* [PATCH v3 1/1] pNFS: Serialize SCSI PR registration to avoid reservation conflicts
@ 2026-03-06 16:29 Dai Ngo
2026-03-06 18:46 ` Dai Ngo
0 siblings, 1 reply; 4+ messages in thread
From: Dai Ngo @ 2026-03-06 16:29 UTC (permalink / raw)
To: trondmy, anna; +Cc: linux-nfs
With SCSI layouts, the NFS client must not submit I/O to the data server
until the Persistent Reservation (PR) registration has completed.
Currently, bl_register_scsi() sets PNFS_BDEV_REGISTERED before performing
the PR operation.

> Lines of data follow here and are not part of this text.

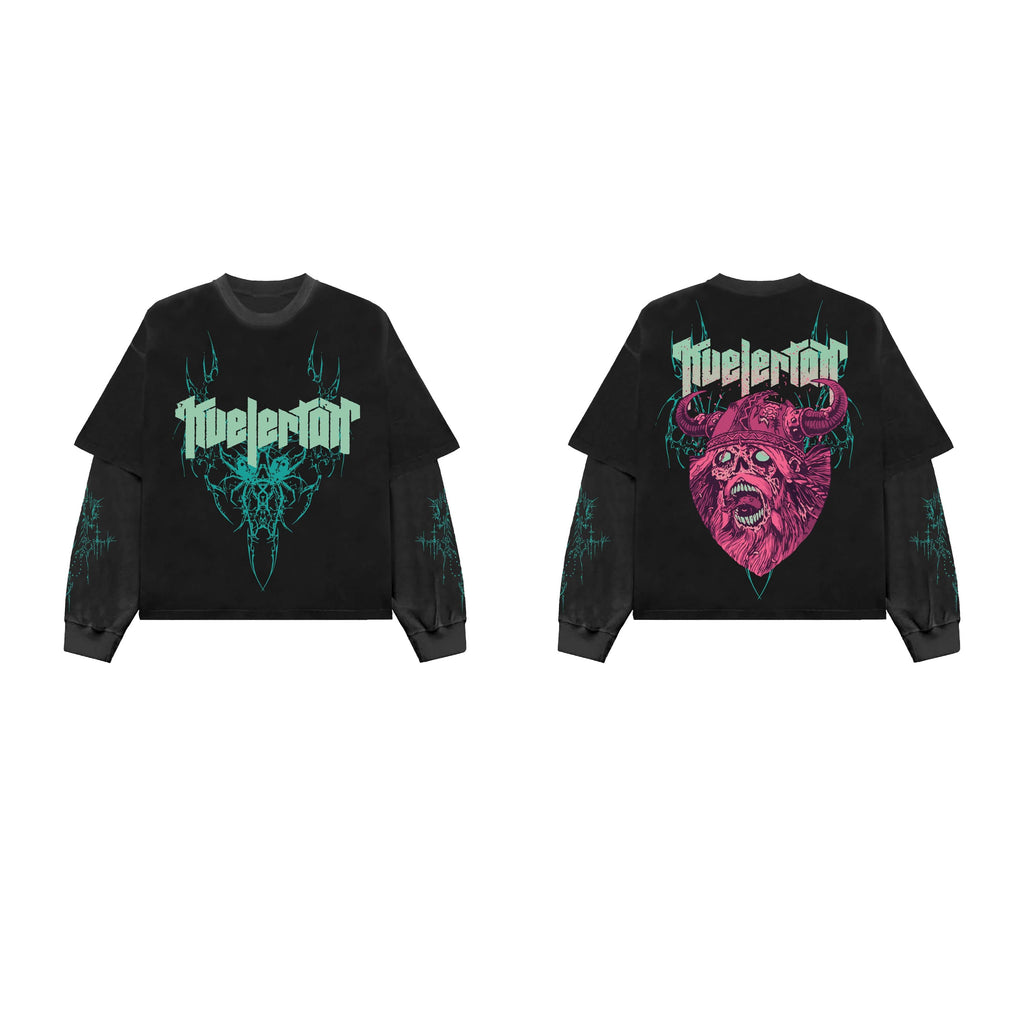 Lator B&G LS Oversized Tee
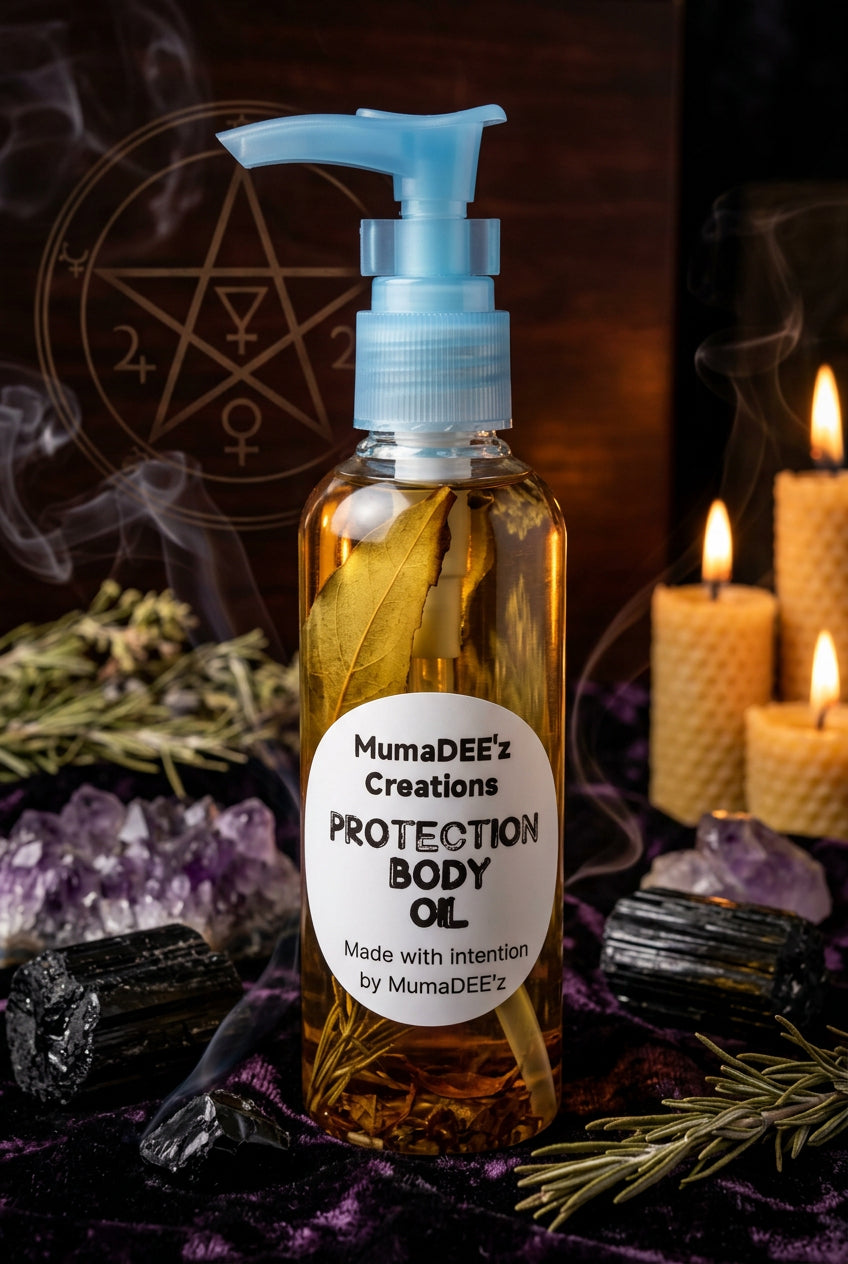Protection Body oil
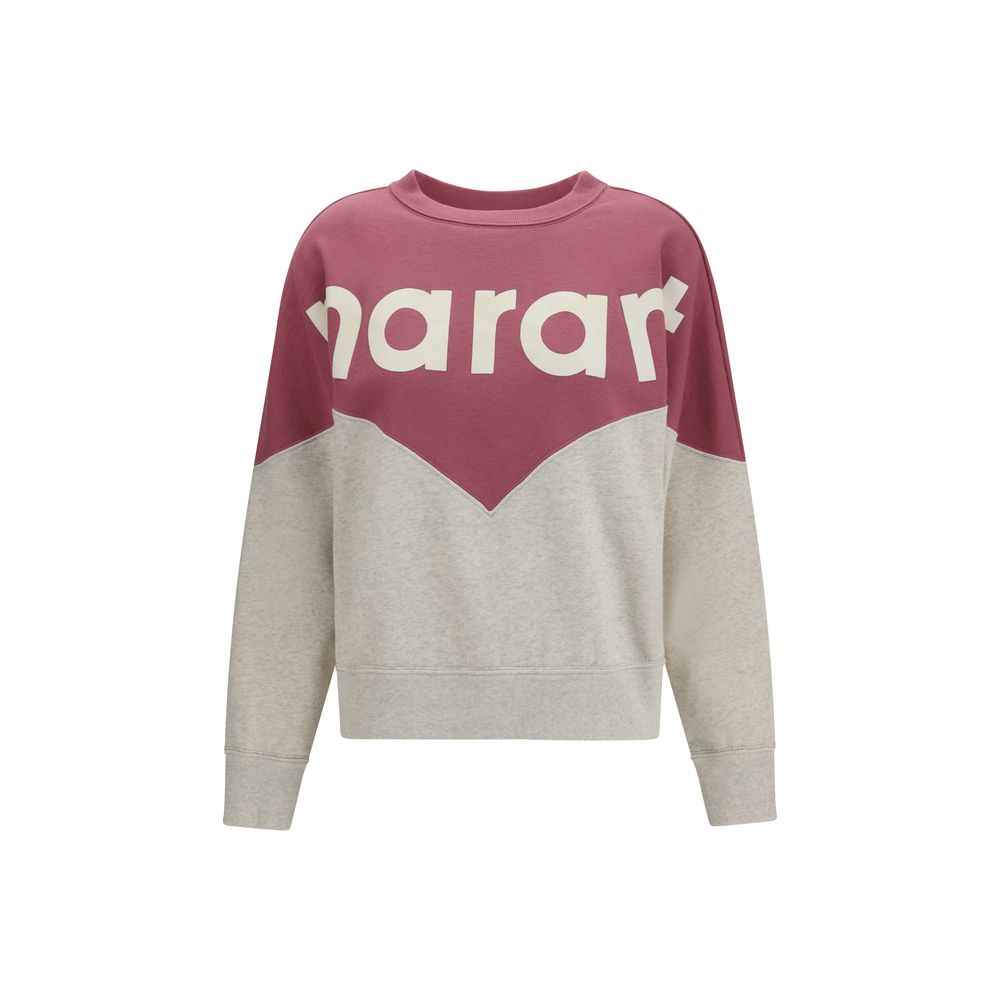 Marant Etoile Multicolor Cotton Sweatshirt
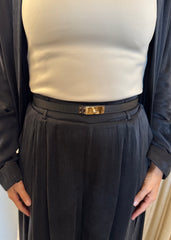 Luxe Leather Belt by Maryesha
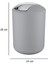 2'li Gri Çöp Kovası, Brasil Model, 6,4 ve 2 Litre, Şık ve Kullanışlı Ürün 3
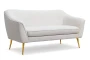 Sofa tapicerowana Bea IV tkanina boucle baranek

If multiple threads concurrently start I/O to the same
SCSI device, the first thread sets the flag and begins registration,
while other threads observe the flag, skip registration, and proceed to
issue I/O. Those I/Os can hit RESERVATION CONFLICT, forcing fall back to
the MDS.
Protect the registration path with a mutex so only one thread performs
PR registration at a time. Other threads wait for registration to finish
and only then re-check PNFS_BDEV_REGISTERED, ensuring no I/O is issued
until PR registration is complete.
Signed-off-by: Dai Ngo <dai.ngo@oracle.com>
---
fs/nfs/blocklayout/blocklayout.h | 8 +++-----
fs/nfs/blocklayout/dev.c | 15 ++++++++++++---
2 files changed, 15 insertions(+), 8 deletions(-)
v2:
. remove fio test from commit message.
. rename pbd_mutex to pbd_registration_mutex and add a description
of its usage.
. move declaration of pbd_registration_mutex before the (*map)().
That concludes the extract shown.